7月28日の金メダル獲得後のインタビューで、「本当に家族が一番の味方ですし、どんな時も千鶴は強いと言い続けてくれたので、両親、兄をはじめ、たくさんの方に感謝の気持ちでいっぱいです」と涙ながらに語っていた新井。“一番の味方”である祖父は彼女の成長を見守ってきた。
「近くの中学校の裏に、以前柔道をやっていた接骨院の先生がいてね。その先生の下で千鶴のお兄ちゃんが先に、柔道を始めたんです。千鶴が5歳の時だったのかな。お兄ちゃんの送り迎えについていった時に、先生が冗談めかして、『お嬢ちゃんもやるか?』って、声をかけたらしいんですよ。

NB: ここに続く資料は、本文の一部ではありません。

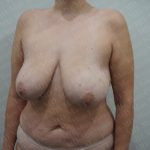 Breast Lift Before & After Patient #2833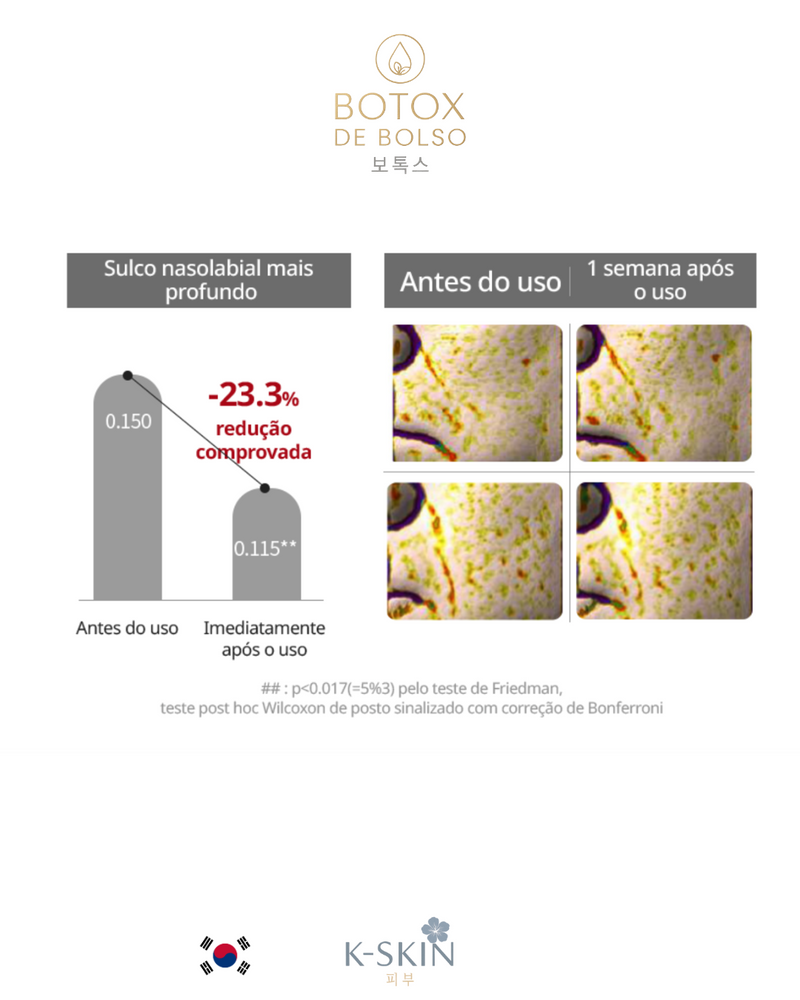 Botox de Bolso ®️ | 주머니 보톡스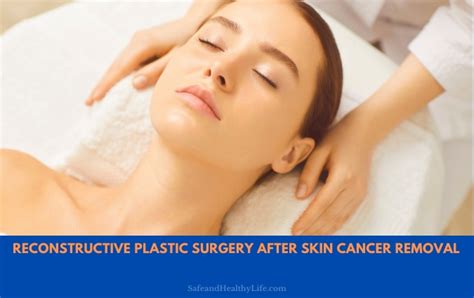 Reconstructive Plastic Surgery for Cancer Epub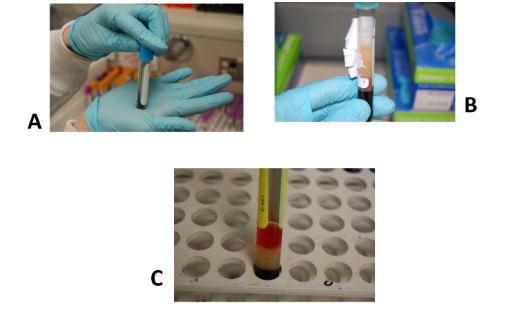 <p>Which is the hemolyzed specimen? </p>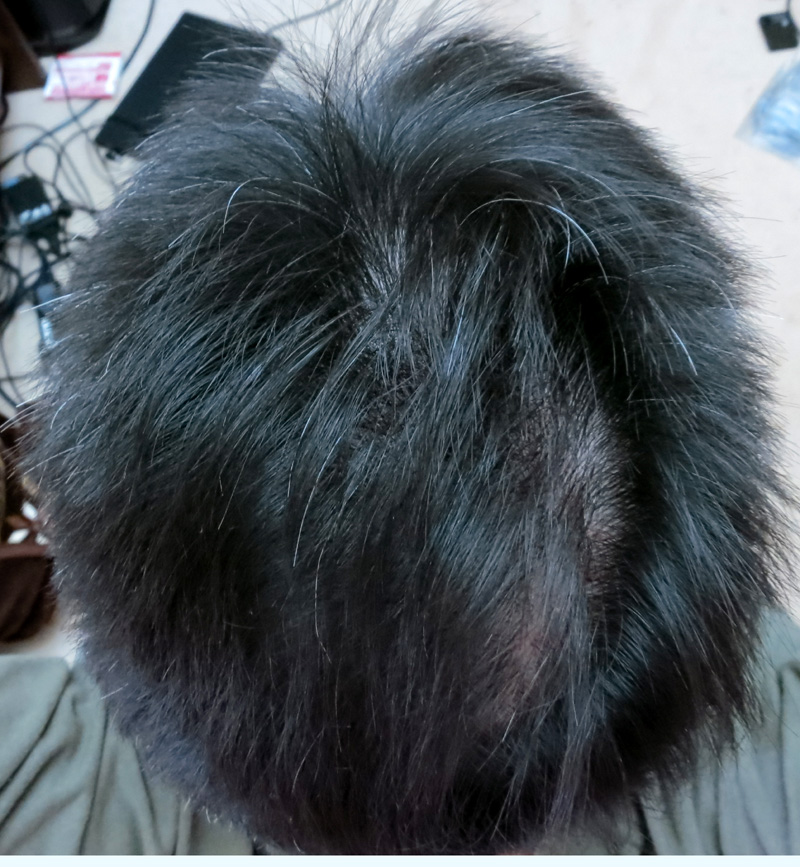 薄毛治療（AGA）　プロペシアを飲んで9ヶ月目の後頭部の写真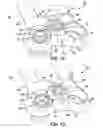Fig. 07 - Internal fixation devices with rotatable screw locks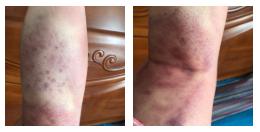 拍打膀胱有什么好处,拍打膀胱有助排尿吗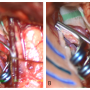 Figure 5 : Clippage face à face (A) - Clippage en tandem (B)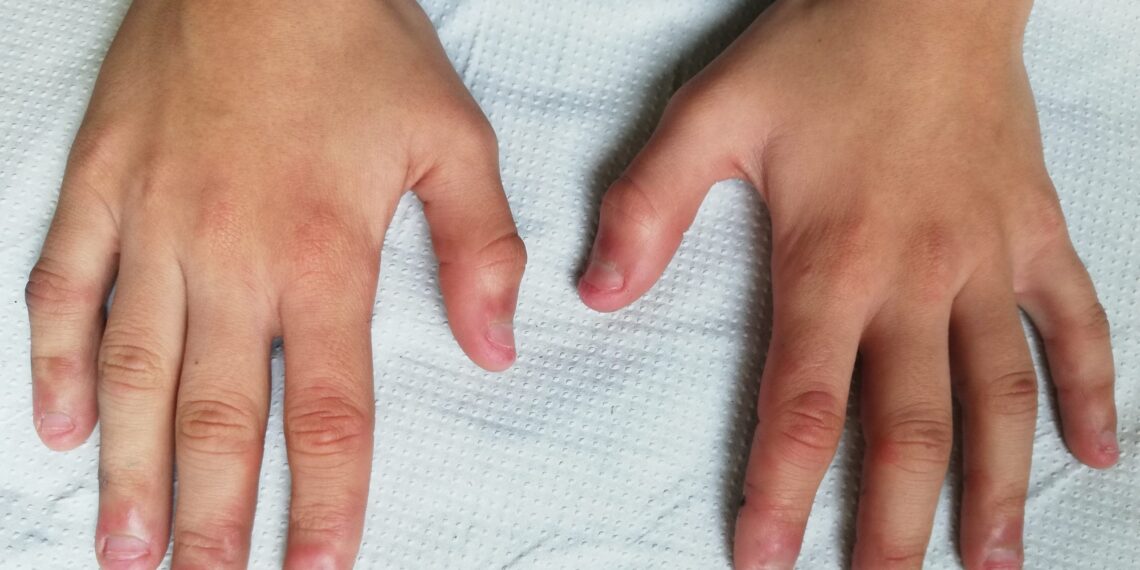 Tras ser abusada por un familiar, la menor quedó embarazada, tiempo después sufrió un aborto, por lo que ahora la Fiscalía de Querétaro busca sentenciarla a tres años de prisión.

そしたら、『うん、やる!』って言いだして……。5歳じゃ早いだろうからその時は、『小学校にあがるまでは待って』とママに言われていました。翌年、小学校へあがると、『ちいたんも行くよ!』って、自ら言い出したそうですわ(笑)」
試合中は鬼気迫る表情で戦っていた新井だが、祖父は優しい一面も教えてくれた。
「小学2年生のころに通学路で、捨て猫がカラスに襲われていたそうです。千鶴はカラスを追い払って、子猫を抱いてうちに連れて帰ってきて『私が飼うんだ!』って。彼女の母親は最初、嫌がったらしいんですけど、真剣な表情で訴えるから根負けして……。
『飼ってもいいよ。でも自分で拾ってきたんだから、ちゃんと面倒見るんだよ』と。するとあの子は『うん、わかった!』といって、その日からずっと猫をかわいがって育てました。 あの子に助けられてからはや20年。その猫はまだ生きていますよ」
また“祖父孝行”な一面も……。
「大会で優勝するたびに、『じいちゃんにかけてほしい』と金メダルを持ってきてくれます。 きっと五輪のメダルも持ってきてくれるでしょう。 この年で孫の金メダルを見られるなんて、これほどうれしいことはないですよ(笑)」
話を聞かせてくれた新井の祖父の顔は、“金メダル”のように輝いていた――。